At this point I was actually rooted to the spot, turning back and forth, 180 degrees in indecision.
Enough is enough. My focus is shot and adult onset ADD is not something I’m keen on adding to my list of mental tics! It’s time to turn back the clock about a decade I think, back to a time before the crippling blight of mummy multi-tasking got its hooks into all of us. Now keep it in context, when I talk about multi-tasking, I’m not talking writing spreadsheet macros whilst working on a presentation and simultaneously translating my blog into Chinese for the wider enjoyment of my readers. I’m a stay at home mum, no, a decrease in productivity will not have a major effect on the GDP of New Zealand, but it does frustrate me enough to want to do something about it.
So, I’m going to try to slow my body and more importantly my mind down and practice a few simple things as I go through my day, task by task, moment by moment.
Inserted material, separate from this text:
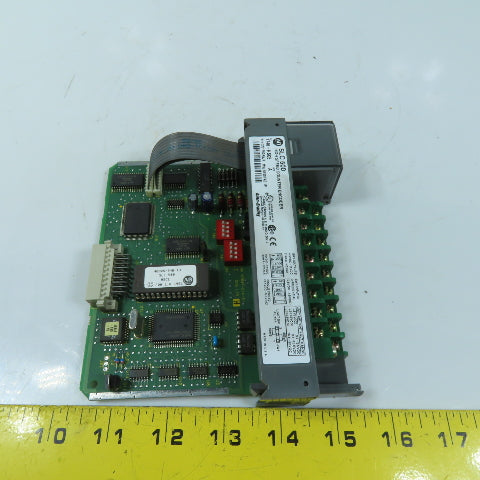 Allen-Bradley 1746-HSCE SLC 500 High Speed Counter Encoder Module Ser A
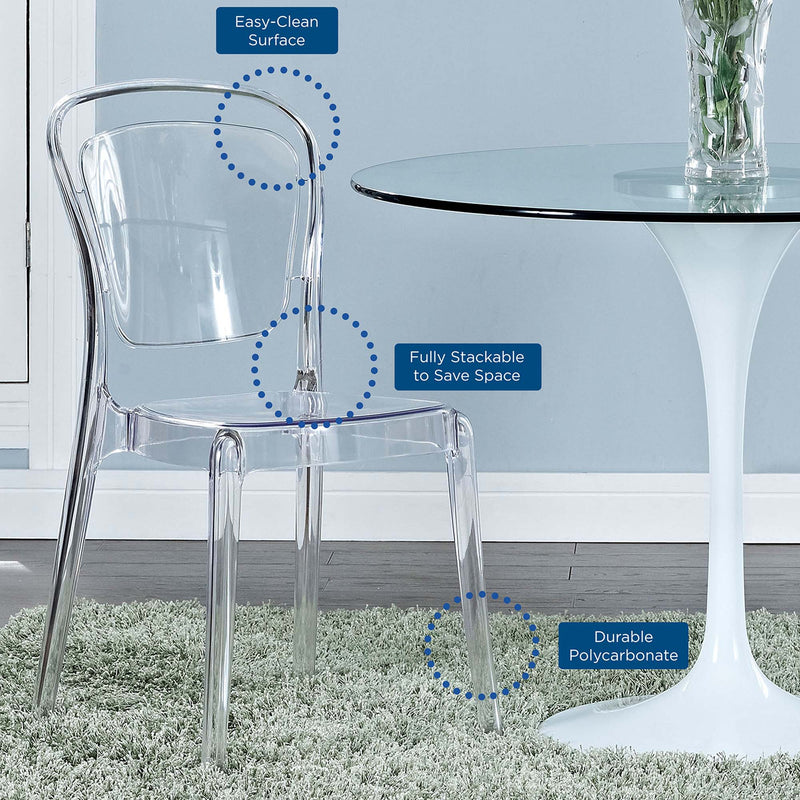 Entreat Dining Side Chair by Modway, photo 4 of 5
  1. Be still. Remain where I am. Sit.
    I tend to look at my house {and my day in fact} as a series of individual blocks, or tasks that make up the whole.  Instead of roaming the house getting caught in the pattern of ‘pick something up, put it away, repeat’ in which I end up doing laps of the house but never completely finish tidying any one room, I’m going to try to completely finish one area/task before moving on to the next {or getting distracted by FB!}.  When I – rarely – sit down, I want to make it count.  I plan on sitting and eating breakfast and lunch with the kids instead of standing in the kitchen, sitting and replying to all of my emails at once instead of pounding out one and forgetting the rest for days and making down-time phone free time.
  2. Prioritize and stay on task accordingly, kids being #1 priority!
  3. Allocate a certain amount of time for productive housework, cooking, blogging and stick to the time limit.  Knowing I don’t have all day to vacuum and mop the floors will certainly help me knock it out super fast.  This will also free up more time for things I actually enjoy doing.
  4. STOP procrastinating.  Tackling issues as soon as they arise or completing undesirable jobs asap will stop them becoming bigger than they are and taking up more mental real estate then they deserve.

Ok, I’m really good at making lists, the hard part is implementing these simple ideas into my day-to-day life.

2015, I deem you the year of Unitasking!  Who’s with me?

p.s This post took me 24 hours and approx 6 sessions of up-down computer time before I hit publish arghhhh!  It’s time to stop the madness.